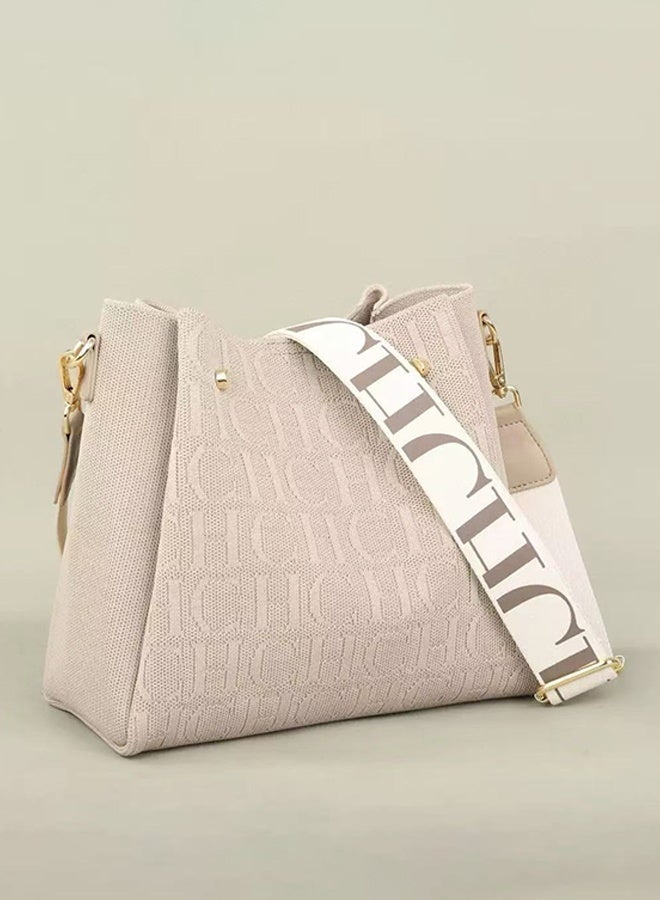 CH CH CHCH Classic Retro New Solid Color Letter Design Women's Shoulder Bag Fashion Party Multifunctional Occasion Handbag Khaki - Image 2
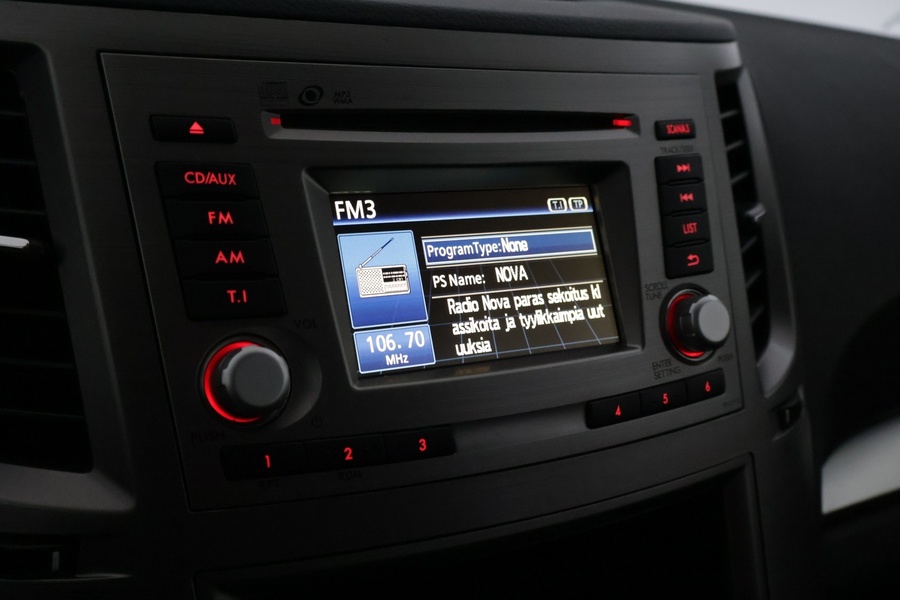 Subaru Legacy vaihtoauto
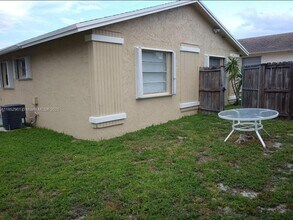 933 Francis St in West Palm Beach, FL - Building Photo - Building Photo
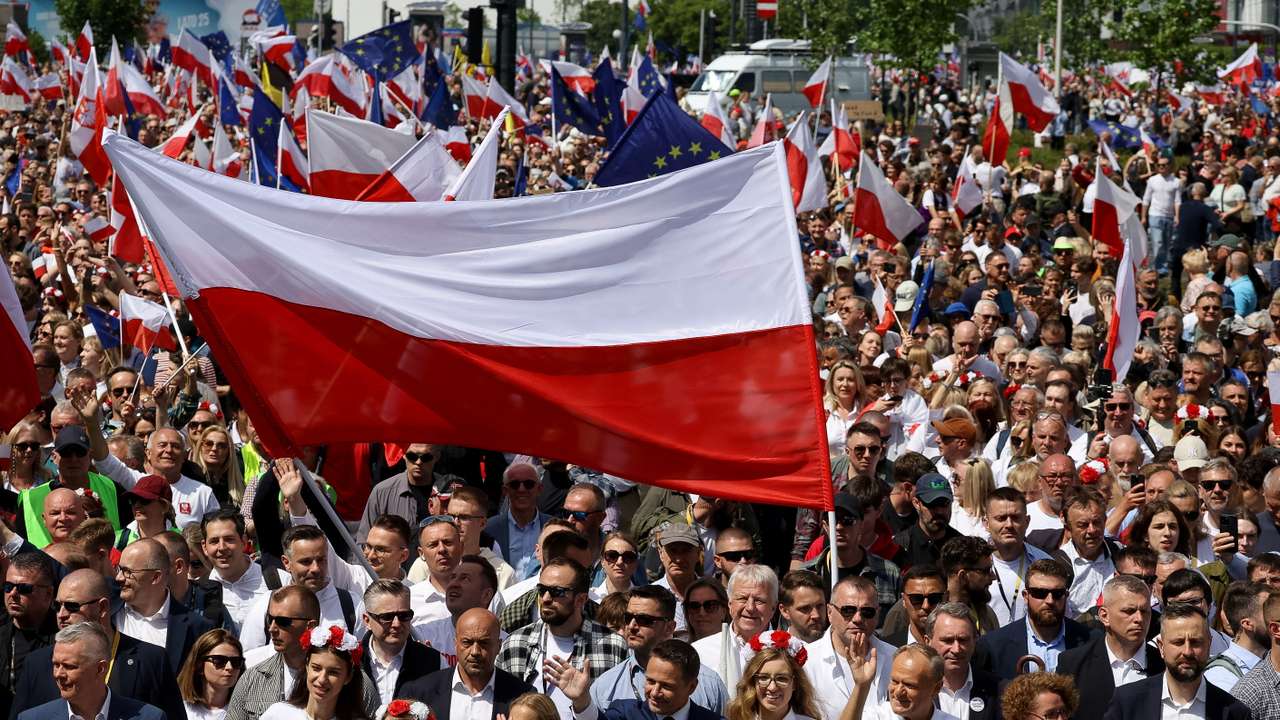 Poland's ruling party hosts 'Patriotic March' in Warsaw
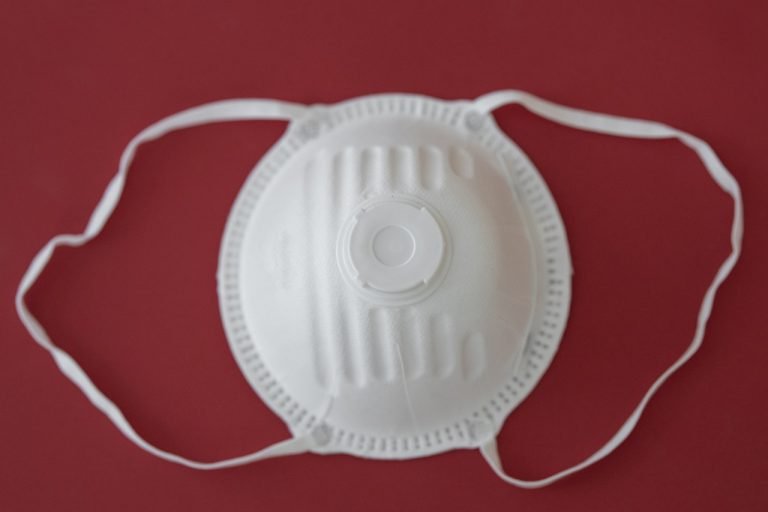 Image of a N95 mask or respirator.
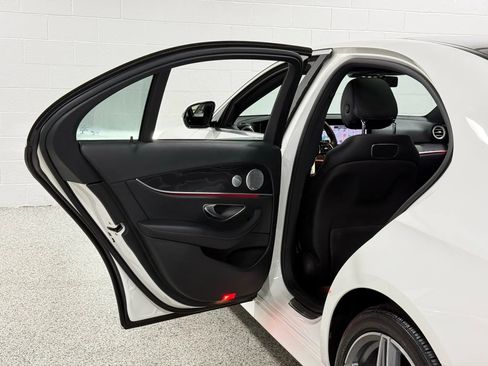 Used 2019 Mercedes-Benz E 300 4MATIC w/ Premium 1 Package image 72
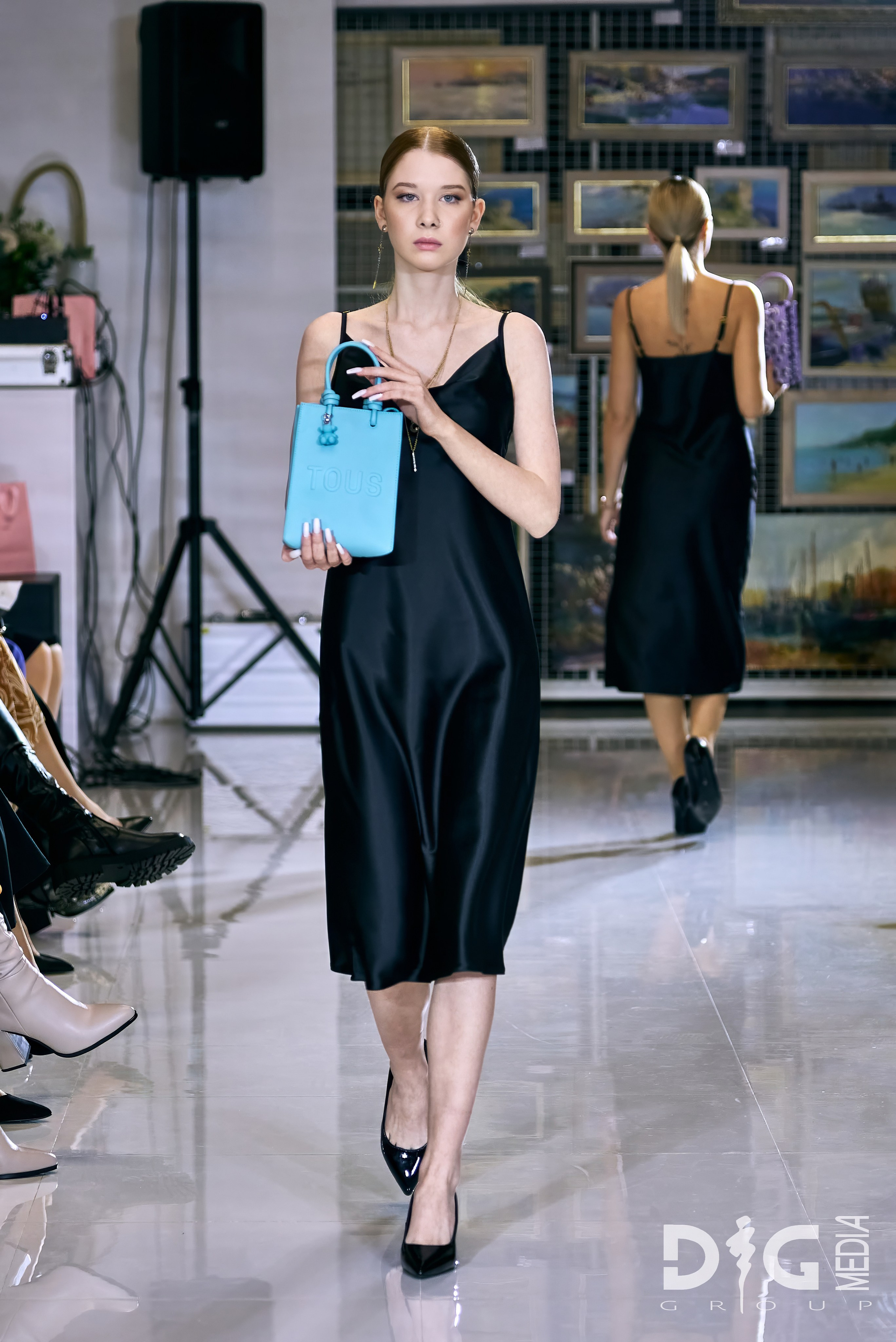 Tous | fashion show. Showbiz | Fashion | Reportage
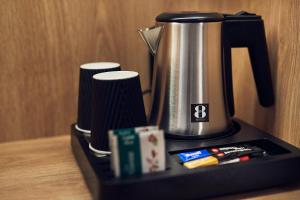Tetera y cafetera en Gr8 Hotel Bodegraven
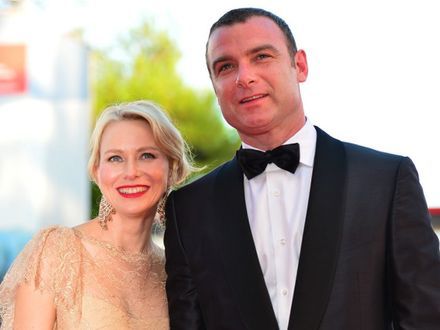 Naomi Watts i Liev Schreiber u bezdomnych z dziećmi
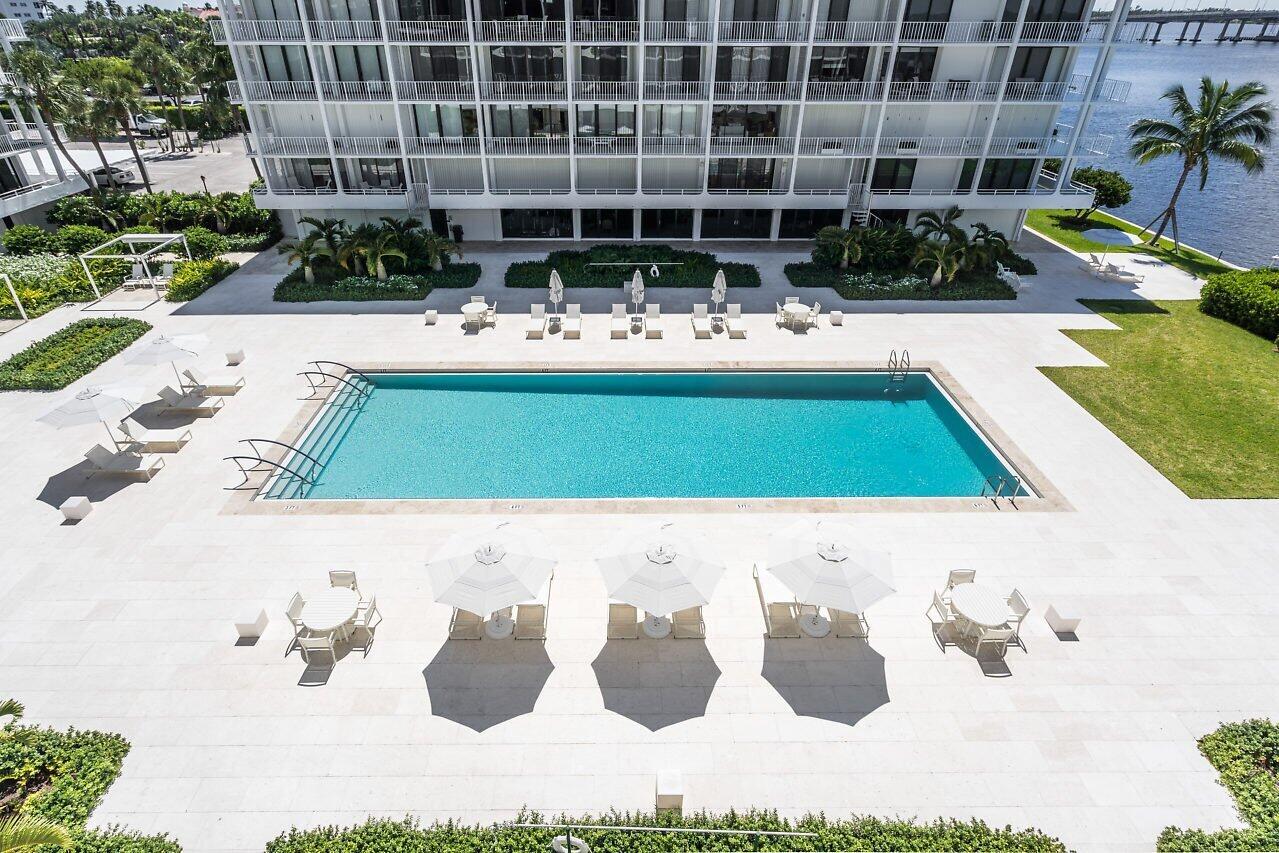 COVE COND UNIT 403-S - Residential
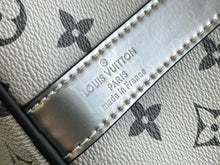 Load image into Gallery viewer, LOUIS KEEPALL BANDOULIERE 50 (BLACK AND WHITE)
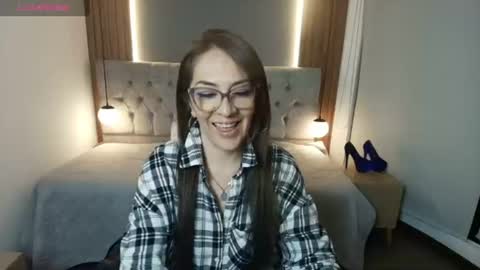 V I C T O R I A online show from 07-30-26, 12:04
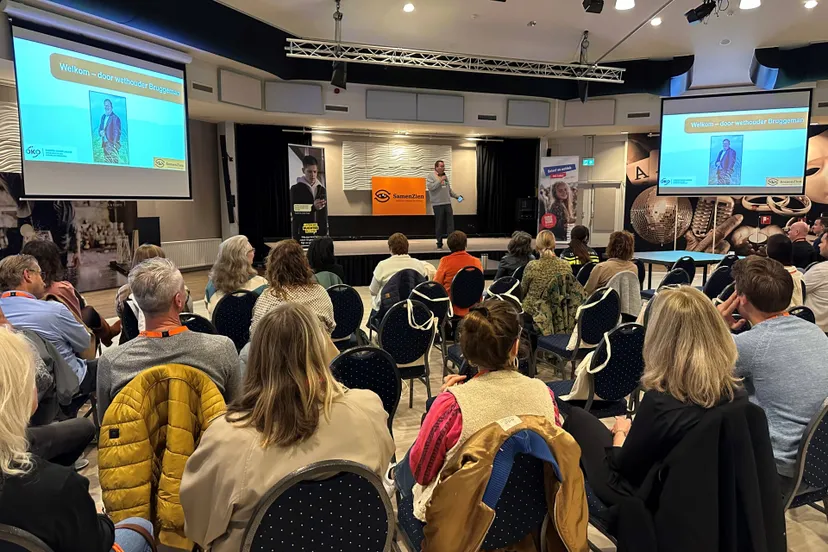 SamenZien Bustour 6 oktober 2025 - opening wethouder Bruggeman 2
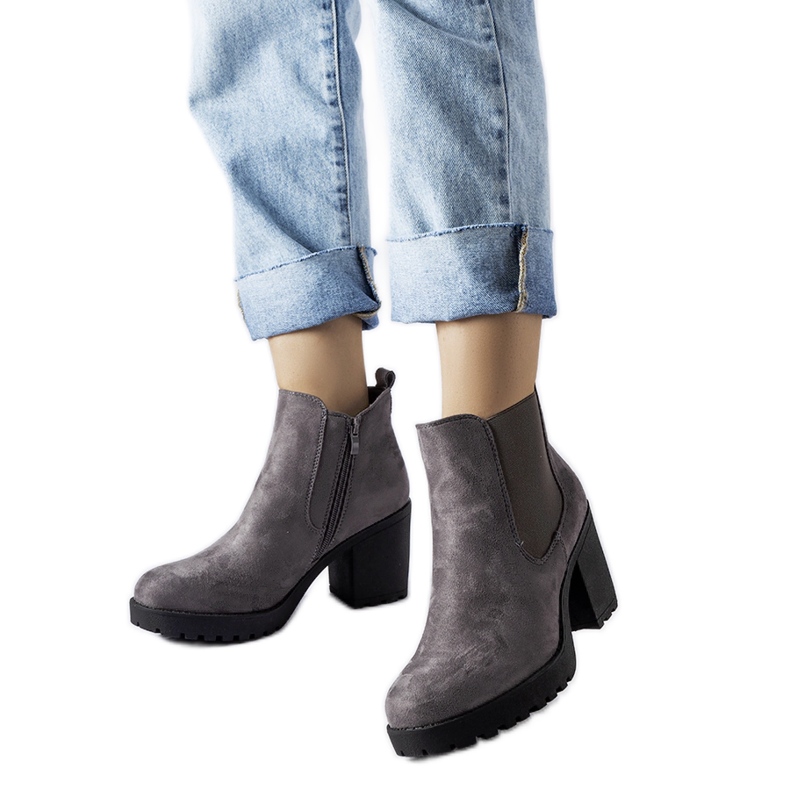 Szare zamszowe botki na obcasie Magnui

Task requirements
Could you transcribe all of the data exactly and omit the pictures?

Task result
 CH CH CHCH Classic Retro New Solid Color Letter Design Women's Shoulder Bag Fashion Party Multifunctional Occasion Handbag Khaki - Image 2
 Subaru Legacy vaihtoauto
 933 Francis St in West Palm Beach, FL - Building Photo - Building Photo
 Poland's ruling party hosts 'Patriotic March' in Warsaw
 Image of a N95 mask or respirator.
 Used 2019 Mercedes-Benz E 300 4MATIC w/ Premium 1 Package image 72
 Tous | fashion show. Showbiz | Fashion | Reportage
Tetera y cafetera en Gr8 Hotel Bodegraven
 Naomi Watts i Liev Schreiber u bezdomnych z dziećmi
 COVE COND UNIT 403-S - Residential
 Load image into Gallery viewer, LOUIS KEEPALL BANDOULIERE 50 (BLACK AND WHITE)
 V I C T O R I A online show from 07-30-26, 12:04
 SamenZien Bustour 6 oktober 2025 - opening wethouder Bruggeman 2
 Szare zamszowe botki na obcasie Magnui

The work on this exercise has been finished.